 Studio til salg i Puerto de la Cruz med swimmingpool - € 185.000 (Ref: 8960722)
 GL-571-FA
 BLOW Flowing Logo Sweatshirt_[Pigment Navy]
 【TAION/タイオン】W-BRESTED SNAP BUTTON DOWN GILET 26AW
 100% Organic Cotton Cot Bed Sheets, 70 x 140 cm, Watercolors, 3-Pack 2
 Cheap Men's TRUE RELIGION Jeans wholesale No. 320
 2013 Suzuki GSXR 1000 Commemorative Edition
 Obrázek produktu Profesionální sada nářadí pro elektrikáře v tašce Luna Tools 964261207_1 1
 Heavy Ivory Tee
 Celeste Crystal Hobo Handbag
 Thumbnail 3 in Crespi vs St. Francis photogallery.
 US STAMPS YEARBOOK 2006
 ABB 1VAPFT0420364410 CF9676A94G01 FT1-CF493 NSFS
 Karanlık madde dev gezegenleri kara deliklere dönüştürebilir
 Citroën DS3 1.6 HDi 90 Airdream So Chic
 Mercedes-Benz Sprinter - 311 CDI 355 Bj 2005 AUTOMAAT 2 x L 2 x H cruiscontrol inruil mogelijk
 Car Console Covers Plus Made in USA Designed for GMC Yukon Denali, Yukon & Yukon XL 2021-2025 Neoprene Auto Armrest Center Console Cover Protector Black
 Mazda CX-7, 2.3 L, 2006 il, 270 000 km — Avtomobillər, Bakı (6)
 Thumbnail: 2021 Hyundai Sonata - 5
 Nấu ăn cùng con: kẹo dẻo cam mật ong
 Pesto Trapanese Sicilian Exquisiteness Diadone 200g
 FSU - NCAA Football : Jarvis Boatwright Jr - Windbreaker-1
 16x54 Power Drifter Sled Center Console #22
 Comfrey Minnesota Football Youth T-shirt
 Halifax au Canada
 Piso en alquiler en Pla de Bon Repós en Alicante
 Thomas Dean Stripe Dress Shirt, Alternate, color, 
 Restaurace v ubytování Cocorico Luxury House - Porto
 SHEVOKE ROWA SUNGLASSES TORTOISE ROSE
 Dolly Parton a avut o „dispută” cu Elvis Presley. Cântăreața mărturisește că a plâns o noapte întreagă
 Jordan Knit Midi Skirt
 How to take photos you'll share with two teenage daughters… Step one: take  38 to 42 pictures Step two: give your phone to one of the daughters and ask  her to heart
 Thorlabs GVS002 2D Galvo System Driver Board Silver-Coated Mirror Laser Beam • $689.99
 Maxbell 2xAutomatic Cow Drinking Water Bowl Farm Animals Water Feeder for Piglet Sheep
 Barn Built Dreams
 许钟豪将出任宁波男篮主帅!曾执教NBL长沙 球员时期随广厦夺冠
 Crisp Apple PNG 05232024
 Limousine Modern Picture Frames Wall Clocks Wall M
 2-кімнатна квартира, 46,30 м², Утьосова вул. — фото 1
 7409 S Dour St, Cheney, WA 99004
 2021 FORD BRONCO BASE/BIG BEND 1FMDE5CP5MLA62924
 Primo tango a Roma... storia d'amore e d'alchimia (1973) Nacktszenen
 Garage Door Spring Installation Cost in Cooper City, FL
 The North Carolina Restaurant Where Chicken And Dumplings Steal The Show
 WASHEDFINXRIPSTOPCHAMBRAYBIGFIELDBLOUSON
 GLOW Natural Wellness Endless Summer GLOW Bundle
_ _ _ _ _ _ _
**AIM OF THE TASK**
Each record above has to be retyped exactly, with nothing left out.

**EXERCISE OUTPUT**
 Studio til salg i Puerto de la Cruz med swimmingpool - € 185.000 (Ref: 8960722)
 GL-571-FA
 BLOW Flowing Logo Sweatshirt_[Pigment Navy]
 【TAION/タイオン】W-BRESTED SNAP BUTTON DOWN GILET 26AW
 100% Organic Cotton Cot Bed Sheets, 70 x 140 cm, Watercolors, 3-Pack 2
 Cheap Men's TRUE RELIGION Jeans wholesale No. 320
 2013 Suzuki GSXR 1000 Commemorative Edition
 Obrázek produktu Profesionální sada nářadí pro elektrikáře v tašce Luna Tools 964261207_1 1
 Heavy Ivory Tee
 Celeste Crystal Hobo Handbag
 Thumbnail 3 in Crespi vs St. Francis photogallery.
 US STAMPS YEARBOOK 2006
 ABB 1VAPFT0420364410 CF9676A94G01 FT1-CF493 NSFS
 Karanlık madde dev gezegenleri kara deliklere dönüştürebilir
 Citroën DS3 1.6 HDi 90 Airdream So Chic
 Mercedes-Benz Sprinter - 311 CDI 355 Bj 2005 AUTOMAAT 2 x L 2 x H cruiscontrol inruil mogelijk
 Car Console Covers Plus Made in USA Designed for GMC Yukon Denali, Yukon & Yukon XL 2021-2025 Neoprene Auto Armrest Center Console Cover Protector Black
 Mazda CX-7, 2.3 L, 2006 il, 270 000 km — Avtomobillər, Bakı (6)
 Thumbnail: 2021 Hyundai Sonata - 5
 Nấu ăn cùng con: kẹo dẻo cam mật ong
 Pesto Trapanese Sicilian Exquisiteness Diadone 200g
 FSU - NCAA Football : Jarvis Boatwright Jr - Windbreaker-1
 16x54 Power Drifter Sled Center Console #22
 Comfrey Minnesota Football Youth T-shirt
 Halifax au Canada
 Piso en alquiler en Pla de Bon Repós en Alicante
 Thomas Dean Stripe Dress Shirt, Alternate, color, 
 Restaurace v ubytování Cocorico Luxury House - Porto
 SHEVOKE ROWA SUNGLASSES TORTOISE ROSE
 Dolly Parton a avut o „dispută” cu Elvis Presley. Cântăreața mărturisește că a plâns o noapte întreagă
 Jordan Knit Midi Skirt
 How to take photos you'll share with two teenage daughters… Step one: take  38 to 42 pictures Step two: give your phone to one of the daughters and ask  her to heart
 Thorlabs GVS002 2D Galvo System Driver Board Silver-Coated Mirror Laser Beam • $689.99
 Maxbell 2xAutomatic Cow Drinking Water Bowl Farm Animals Water Feeder for Piglet Sheep
 Barn Built Dreams
 许钟豪将出任宁波男篮主帅!曾执教NBL长沙 球员时期随广厦夺冠
 Crisp Apple PNG 05232024
 Limousine Modern Picture Frames Wall Clocks Wall M
 2-кімнатна квартира, 46,30 м², Утьосова вул. — фото 1
 7409 S Dour St, Cheney, WA 99004
 2021 FORD BRONCO BASE/BIG BEND 1FMDE5CP5MLA62924
 Primo tango a Roma... storia d'amore e d'alchimia (1973) Nacktszenen
 Garage Door Spring Installation Cost in Cooper City, FL
 The North Carolina Restaurant Where Chicken And Dumplings Steal The Show
 WASHEDFINXRIPSTOPCHAMBRAYBIGFIELDBLOUSON
 GLOW Natural Wellness Endless Summer GLOW Bundle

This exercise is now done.